Repeat, please, only the lines from the top of the data down to the line with "Crostatine con crema di nocciole"; include both of those lines.

Data for the task:
[Start of section]

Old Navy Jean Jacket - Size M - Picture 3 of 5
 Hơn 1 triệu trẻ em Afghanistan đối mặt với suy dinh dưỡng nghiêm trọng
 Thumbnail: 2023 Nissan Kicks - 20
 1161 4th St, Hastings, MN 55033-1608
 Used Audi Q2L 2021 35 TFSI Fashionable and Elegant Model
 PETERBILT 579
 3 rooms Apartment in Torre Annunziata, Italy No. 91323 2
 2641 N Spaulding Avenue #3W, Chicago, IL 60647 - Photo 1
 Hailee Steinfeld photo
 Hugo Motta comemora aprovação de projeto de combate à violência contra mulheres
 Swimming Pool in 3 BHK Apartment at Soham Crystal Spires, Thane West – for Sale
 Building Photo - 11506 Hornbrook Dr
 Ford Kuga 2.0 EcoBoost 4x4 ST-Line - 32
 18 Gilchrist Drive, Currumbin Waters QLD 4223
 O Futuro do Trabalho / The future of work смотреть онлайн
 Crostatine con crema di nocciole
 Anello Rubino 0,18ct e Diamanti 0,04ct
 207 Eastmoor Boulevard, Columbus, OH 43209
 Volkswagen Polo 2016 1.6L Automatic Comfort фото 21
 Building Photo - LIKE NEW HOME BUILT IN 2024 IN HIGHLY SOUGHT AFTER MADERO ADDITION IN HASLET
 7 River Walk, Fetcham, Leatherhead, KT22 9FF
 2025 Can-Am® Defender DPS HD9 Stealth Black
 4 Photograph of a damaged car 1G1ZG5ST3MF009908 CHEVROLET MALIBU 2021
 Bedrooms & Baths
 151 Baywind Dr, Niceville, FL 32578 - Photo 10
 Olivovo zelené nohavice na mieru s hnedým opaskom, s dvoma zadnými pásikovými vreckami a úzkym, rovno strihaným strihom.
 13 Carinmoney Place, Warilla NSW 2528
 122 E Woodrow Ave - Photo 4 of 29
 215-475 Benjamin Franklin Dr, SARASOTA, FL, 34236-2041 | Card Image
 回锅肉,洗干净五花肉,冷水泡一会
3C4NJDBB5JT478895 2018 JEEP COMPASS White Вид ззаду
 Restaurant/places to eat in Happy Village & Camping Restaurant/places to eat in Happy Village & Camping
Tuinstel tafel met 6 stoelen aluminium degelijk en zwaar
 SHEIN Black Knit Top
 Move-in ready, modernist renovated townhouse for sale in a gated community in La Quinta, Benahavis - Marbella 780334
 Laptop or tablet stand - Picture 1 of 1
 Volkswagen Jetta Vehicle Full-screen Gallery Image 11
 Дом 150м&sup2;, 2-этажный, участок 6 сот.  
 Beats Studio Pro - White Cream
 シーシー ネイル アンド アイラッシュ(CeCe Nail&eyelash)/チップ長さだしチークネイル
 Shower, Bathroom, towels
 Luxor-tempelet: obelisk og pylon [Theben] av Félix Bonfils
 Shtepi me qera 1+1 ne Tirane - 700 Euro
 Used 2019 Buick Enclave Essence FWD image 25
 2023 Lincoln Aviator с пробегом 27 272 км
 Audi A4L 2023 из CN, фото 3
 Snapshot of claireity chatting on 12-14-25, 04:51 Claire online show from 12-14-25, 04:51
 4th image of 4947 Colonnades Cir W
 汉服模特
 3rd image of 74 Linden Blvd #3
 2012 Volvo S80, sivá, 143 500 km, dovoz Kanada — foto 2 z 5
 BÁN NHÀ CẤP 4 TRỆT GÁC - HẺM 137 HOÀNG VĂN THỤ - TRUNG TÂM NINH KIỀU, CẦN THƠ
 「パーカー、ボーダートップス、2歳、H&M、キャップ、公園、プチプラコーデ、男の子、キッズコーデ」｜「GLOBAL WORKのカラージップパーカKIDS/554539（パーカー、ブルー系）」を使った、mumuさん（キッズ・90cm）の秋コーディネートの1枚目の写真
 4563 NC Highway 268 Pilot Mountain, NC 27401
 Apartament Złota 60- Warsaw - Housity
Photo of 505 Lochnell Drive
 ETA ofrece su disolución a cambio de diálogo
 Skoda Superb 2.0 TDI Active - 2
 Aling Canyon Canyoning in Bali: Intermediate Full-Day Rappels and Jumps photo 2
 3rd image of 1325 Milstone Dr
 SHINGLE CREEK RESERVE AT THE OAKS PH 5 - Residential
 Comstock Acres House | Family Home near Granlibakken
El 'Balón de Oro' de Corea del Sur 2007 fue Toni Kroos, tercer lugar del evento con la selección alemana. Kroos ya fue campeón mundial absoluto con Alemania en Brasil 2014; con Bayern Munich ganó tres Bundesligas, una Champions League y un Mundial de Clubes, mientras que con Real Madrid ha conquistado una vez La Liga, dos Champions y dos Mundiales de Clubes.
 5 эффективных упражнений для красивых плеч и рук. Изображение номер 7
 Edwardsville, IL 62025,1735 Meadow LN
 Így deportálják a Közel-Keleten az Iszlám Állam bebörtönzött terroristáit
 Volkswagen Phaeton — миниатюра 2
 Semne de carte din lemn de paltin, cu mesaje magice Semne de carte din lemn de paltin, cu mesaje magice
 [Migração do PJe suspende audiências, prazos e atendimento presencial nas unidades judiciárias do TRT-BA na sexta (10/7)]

[End of section]

Exercise result:
Old Navy Jean Jacket - Size M - Picture 3 of 5
 Hơn 1 triệu trẻ em Afghanistan đối mặt với suy dinh dưỡng nghiêm trọng
 Thumbnail: 2023 Nissan Kicks - 20
 1161 4th St, Hastings, MN 55033-1608
 Used Audi Q2L 2021 35 TFSI Fashionable and Elegant Model
 PETERBILT 579
 3 rooms Apartment in Torre Annunziata, Italy No. 91323 2
 2641 N Spaulding Avenue #3W, Chicago, IL 60647 - Photo 1
 Hailee Steinfeld photo
 Hugo Motta comemora aprovação de projeto de combate à violência contra mulheres
 Swimming Pool in 3 BHK Apartment at Soham Crystal Spires, Thane West – for Sale
 Building Photo - 11506 Hornbrook Dr
 Ford Kuga 2.0 EcoBoost 4x4 ST-Line - 32
 18 Gilchrist Drive, Currumbin Waters QLD 4223
 O Futuro do Trabalho / The future of work смотреть онлайн
 Crostatine con crema di nocciole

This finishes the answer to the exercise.